Has Network Rail got off lightly over train crash?
- Published
It's three years since the Aberdeen to Glasgow train ploughed off the line near Stonehaven.
Three people died after the train hit a landslide at Carmont and derailed.
The toll could have been much higher, if the train had not been almost empty that day.
Since then, a long investigation has tried to answer three key questions: what went wrong, who's to blame, and what can be done to prevent a similar tragedy in future?
Among the specific findings, highlighted in court was the fact that a drainage system in the area was incorrectly installed by the giant construction firm Carillion, which has since gone into liquidation.
Network Rail engineers had not fully inspected this drainage system. So problems were spotted too late.
Driver Brett McCullough, 45, conductor Donald Dinnie, 58, and passenger Christopher Stuchbury, 62, died in the crash.
The judge, Lord Matthews, said no penalty he could impose could compensate for the loss suffered by the families of those who died and of the six people on board the train who were injured.

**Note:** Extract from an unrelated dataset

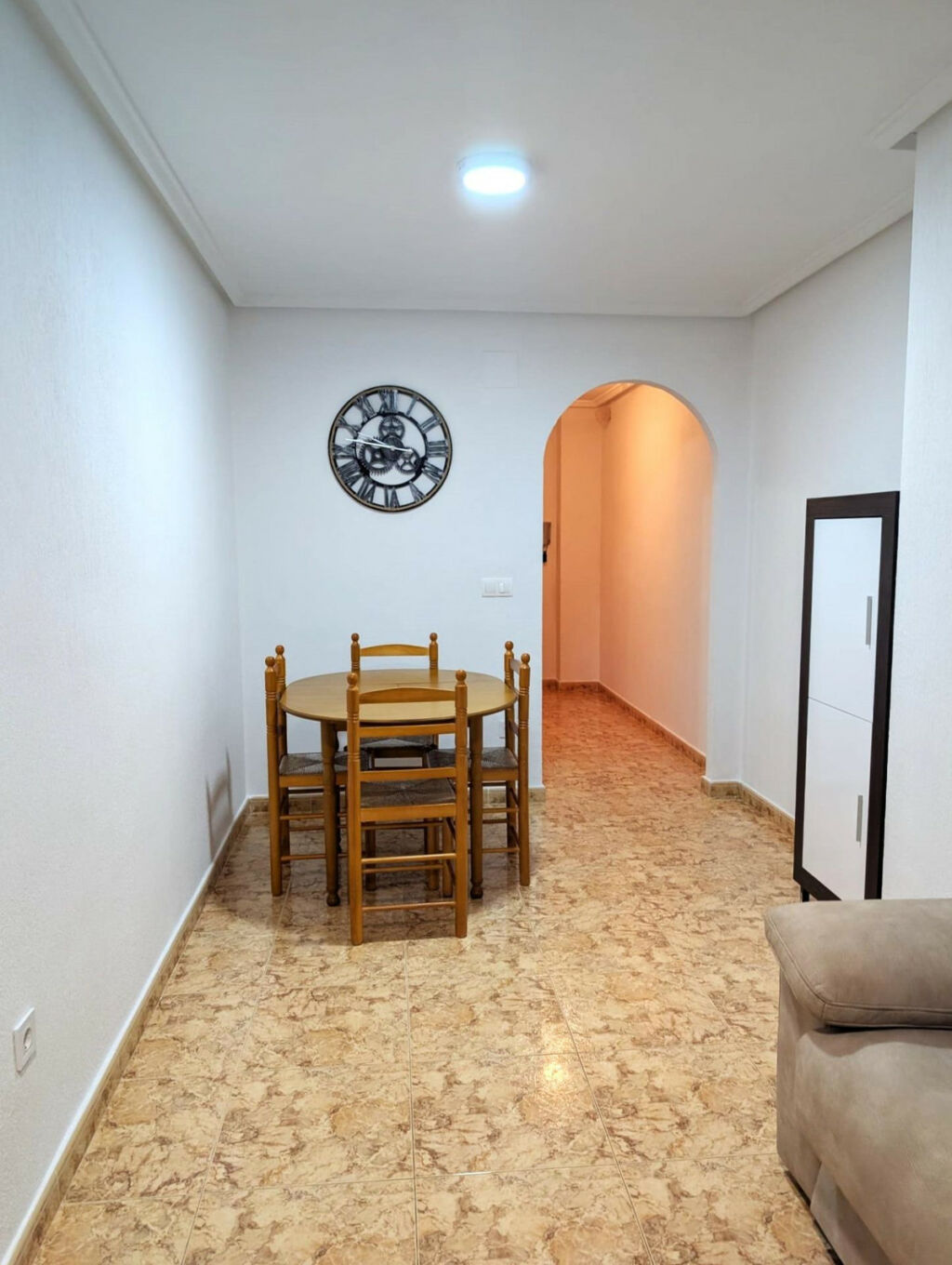 Middle Floor Apartment Torrevieja Alicante - image 4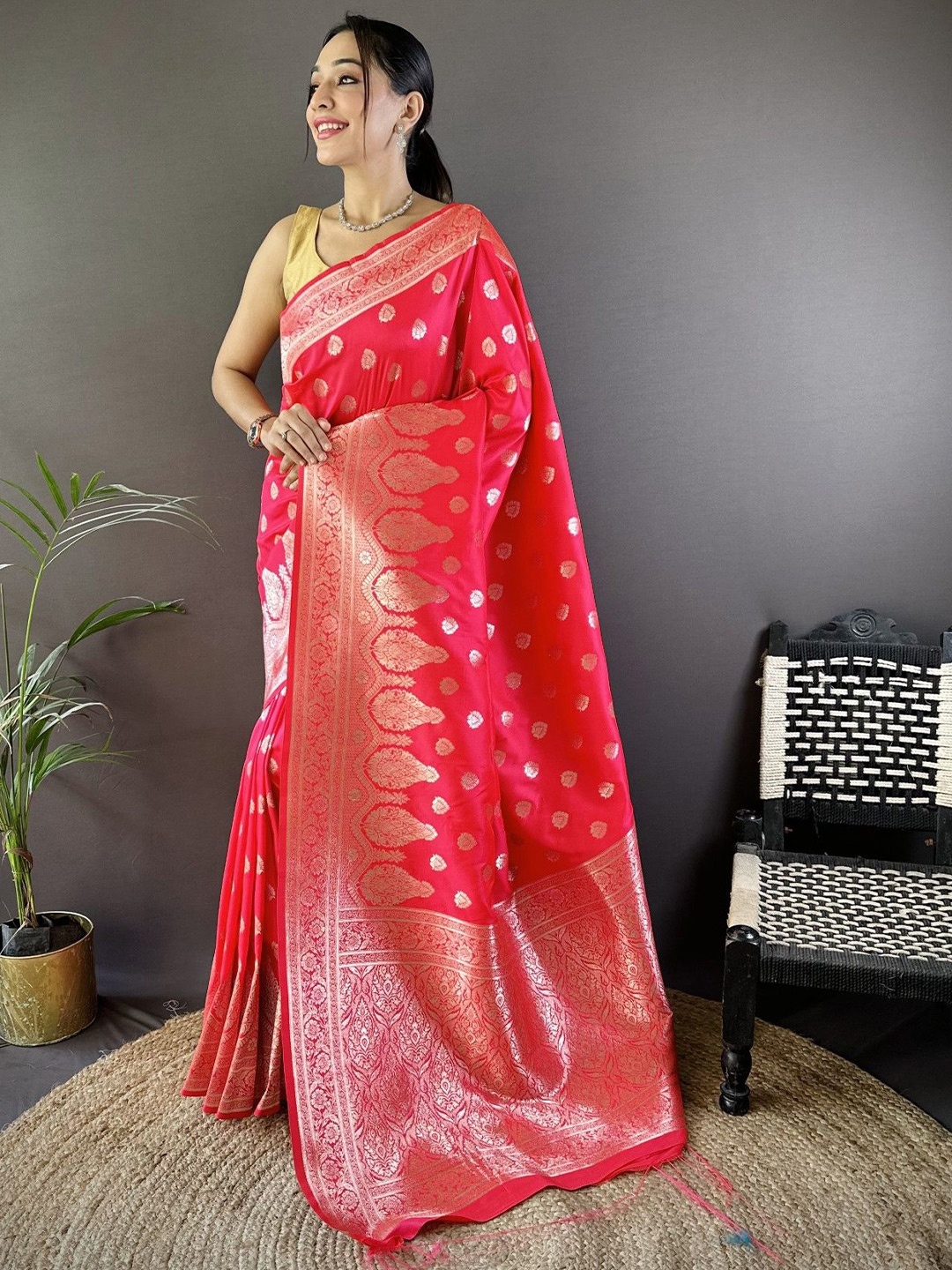 

Panzora Woven Design Zari Silk Blend Banarasi Saree, Pink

Network Rail has now been fined £6.7m after pleading guilty to a number of maintenance and inspection failures before the crash in August 2020 and failing to warn the driver that part of the track was unsafe or tell him to reduce his speed.
But officials at the RMT rail union are angry.
They say Network Rail has got off lightly - and that corporate manslaughter charges must be made an option in similar cases in future.
Network Rail is in charge of rail infrastructure across the UK, so it's having to make sweeping changes in response to this crash.
Twenty key changes are recommended. So far, just two have been completed by Network Rail.
Several more, they say, await approval by rail regulators. The rest, they claim will be in place in the next two years, or will fall to rail operators to implement.
Rail unions are frustrated at this pace of change. Without rapid progress, they warn, the lives of passengers and rail workers remain at risk.
Officials at Network Rail say they're working fast to introduce complex changes, many of them UK-wide.
Climate change
This crash shows how extreme weather can wreak havoc with the rail network.
Torrential rain and flooding damaged the rail line at Stonehaven in the hours before the derailment.
Network rail point to lessons learned: more investment in front-line inspection teams, and remote monitoring systems to bring early alerts from danger areas.
More helicopter inspections, they say, are planned in remote areas, with river levels monitored better to highlight potential flooding.
All this costs a fortune.
Network Rail say that in 2014-2024, they've committed around £200m on drainage systems, earthworks and bridge protection in Scotland alone.
More severe storms mean falling trees cause more regular damage to overhead electric rail lines. This, in turn, brings services to a halt. So a ramped-up programme of tree-felling is in place around the network.
And extreme weather demands better planning. In the Network Rail control centre in Glasgow, a specialist weather team is now in place - the first of its kind in the UK.
These meteorologists are tasked with providing 24 hours a day over-watch, so route control managers can respond better to extreme local conditions.
This aims to help them decide when to slow trains down or close lines altogether, when the weather's particularly bad.
Will this be enough to avert a similar tragedy in future?
With so much of Scotland's rail network running through remote and mountainous Highland terrain, it's clear that climate change and extreme weather present real danger - whatever's done to blunt its impact.